MacGruber featuring WWE Superstars Chris Jericho, Mark Henry, MVP, Kane, Big Show, and the Great Khali! In theatres everywhere May 21. This marks the first SNL recurring skit to warrant a move in TEN YEARS! The last SNL sketch movie was the Ladies Man in 2000, which was quite funny but did TERRIBLY at the box office.

In the back, Chris Jericho tells the Straight Edge Society to heed his advice and they will win tonight. While everyone cares about Jericho’s advice, MacGruber asks fellow co-star Chris Jericho what he should do in the ring against Kozlov. Jericho tells him to shake his hand and once you have him in a false sense of security, then you can whatever you want to Kozlov.

Vladimir Kozlov vs. MacGruber (w/Vicky St. Elmo)
MacGruber follows Jericho’s advice and extends the handshake. Kozlov never accepts, but then MacGruber slaps Kozlov across the face anyway. BAD IDEA JEANS! Kozlov grabs MacGruber for the Al Snow trapping headbutts. As Kozlov goes to spike MacGruber with a one-handed spinebuster, fellow MacGruber co-star and guest host Ryan Philippe changes the match to a handicap match and brings out Khaluber. Yes, it’s Great Khali dressed in his best MacGruber outfit – complete with wig! I thought he was heading back to India for a while? Anyways, the real MacGruber rolls out and lets Khali take over. Kozlov takes the BRAIN CHOP and Khali chases him to the back as the cast of MacGruber celebrate their countout victory. (3:17) This movie better be good. CRAP

Cena-Batista video feud highlights are shown. Anybody hear about Triple H taking Batista’s spot in a lead role for a WWE movie? HA!

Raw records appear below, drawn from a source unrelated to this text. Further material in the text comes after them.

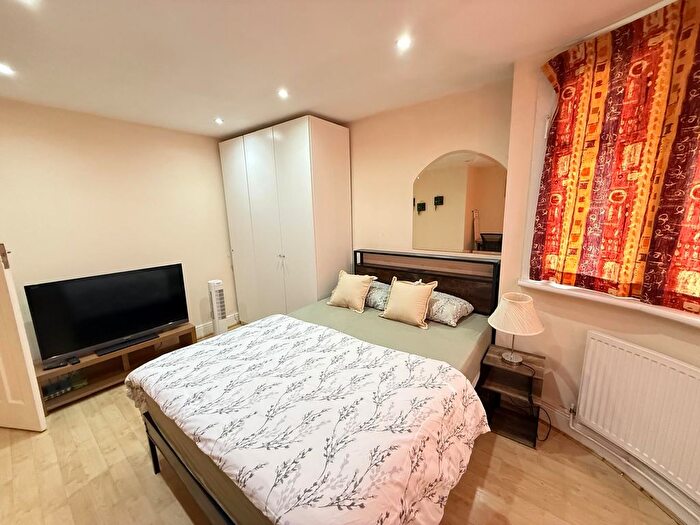 4 Bedroom Terraced House To Rent In Lynton Road, Rayners Lane, Harrow, Greater London, HA2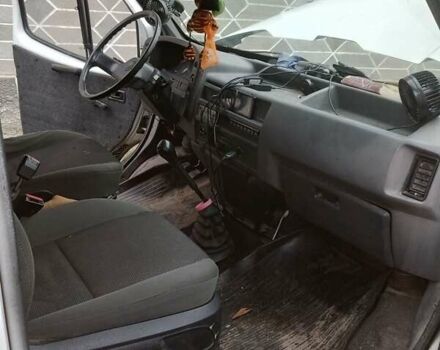 Белый Форд Транзит, объемом двигателя 2.5 л и пробегом 300 тыс. км за 2150 $, фото 4 на Automoto.ua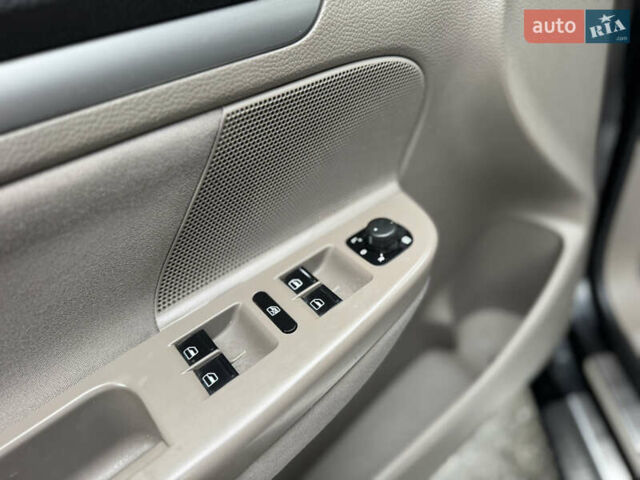 Черный Фольксваген Гольф, объемом двигателя 1.6 л и пробегом 284 тыс. км за 5900 $, фото 10 на Automoto.ua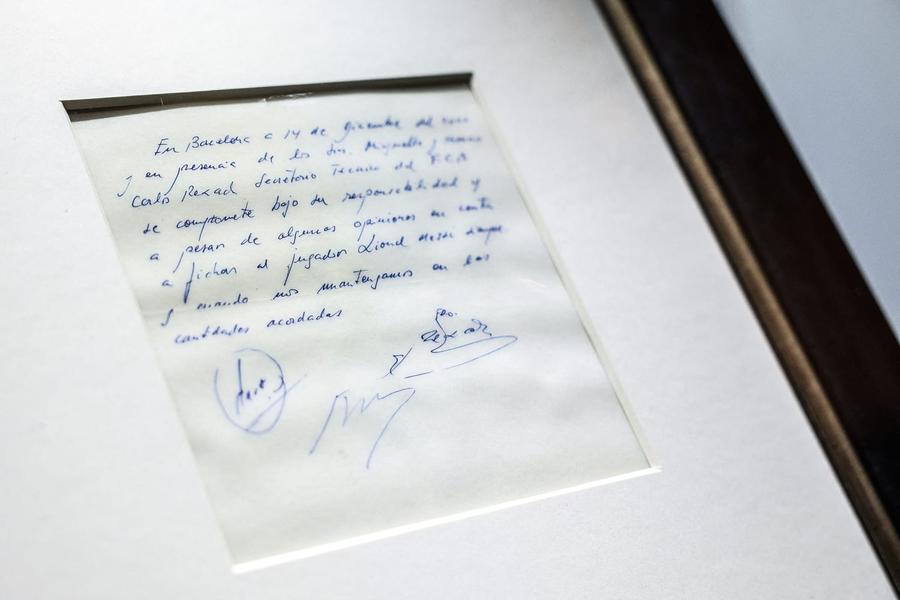 Şerveţelul pe care a fost semnat primul contract al lui Messi cu Barcelona A murit tatăl lui Lionel Messi: avea 68 de ani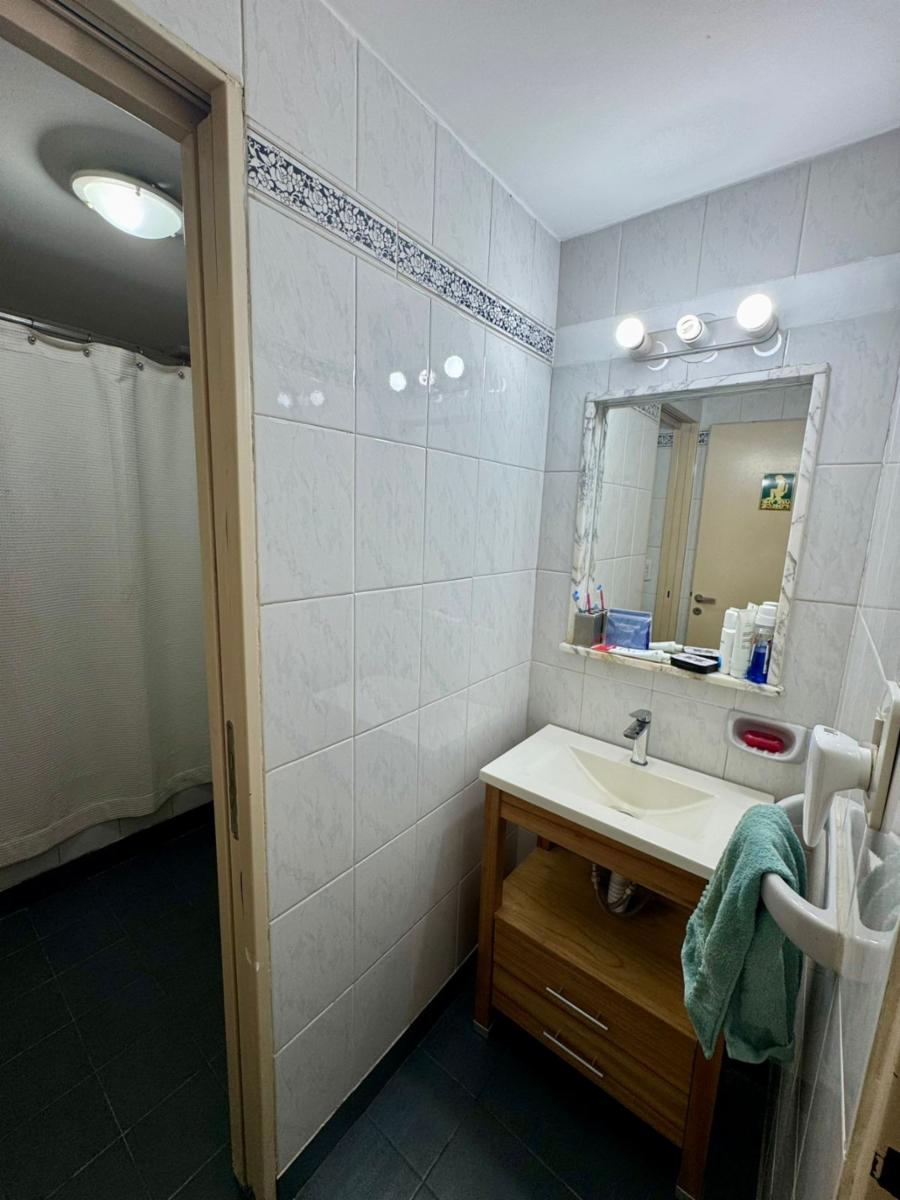 Excelente departamento 4 ambientes al frente en planta baja con entrada independiente. Villa Luzuriaga. NUEVO VALOR — foto 7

Chris Jericho, CM Punk & Luke Gallows (w/Serena) vs. Edge, Rey Mysterio & Triple H
During HHH’s entrance, Sheamus INTERRUPTS via satellite and beats up a sound crew guy to prove a point. During Edge’s entrance, they show Chris Jericho stomping Edge’s foot in between the steps and the ringpost to explain the limp. How is this man STILL wrestling because all they do now is tear up his formerly torn up ankle. Mysterio sets up Jericho for the 6-1-9 right off the bat, but Jericho bails. Punk charges at Rey and gets dumped out, which brings Gallows over to help regroup with his partners. With all the bad guys on the floor, HHH and Edge backdrop Rey on top of them. Commercials! AND WE’RE BACK! Rey fights out of a chinlock, but Punk counters the wheelbarrow by dropping Rey on the top turnbuckle. Rey Mysterio is *your* face in peril. Jericho abuses Rey and catapults him into the corner. Mysterio comes back with a springboard moonsault press for two and makes the HOT TAG TO EDGE! Edge-O-Matic to Gallows, but Jericho pulls Edge out when he tries the SPEAR. Triple H knocks Jericho away to save his partner. Back in, Edge get stuck in the wrong corner and everybody has fun tearing at Edge’s ankle. Edge fights back with a flying clothesline off the second rope on Gallows and makes the HOT TAG TO TRIPLE H! High Knee, Facebuster, and the AA Spinebuster all connect on Punk. He wants the PEDIGREE, but Gallows saves with a clothesline. Rey takes out Gallows with the springboard seated senton. Jericho tosses out Rey, but he rolls through the momentum and lands on his feet. Nice! Edge clotheslines Jericho out and trips up Punk into the ropes as Rey hits the 6-1-9 and staggers Punk around into the PEDIGREE for the 1-2-3. (8:10 shown) When was the last time CM Punk DIDN’T job? Punk is winning this Sunday. I’m convinced. Harmless fun tag match, no doubt. Funny how it takes Smackdown to come over to Raw to get something entertaining. **¾

This Sunday LIVE from Baltimore MD is Extreme Rules only on PPV! Here is the card as it stands at the end of this program:

WWE Champion John Cena vs. Batista – Last Man Standing Match
World Heavyweight Champion Jack Swagger vs. Randy Orton – Extreme Rules Match
Triple H vs. Sheamus – Street Fight
Edge vs. Chris Jericho – Cage Match
Rey Mysterio vs. CM Punk – If Punk Loses, He Gets His Head Shaved

And then next Monday night will be a THREE-HOUR LIVE EDITION of Raw as the 2010 WWE Draft will be taking place! So far, no guest host has been mentioned and hopefully everyone from the Raw brand will be able to travel safely back in time for these two big events.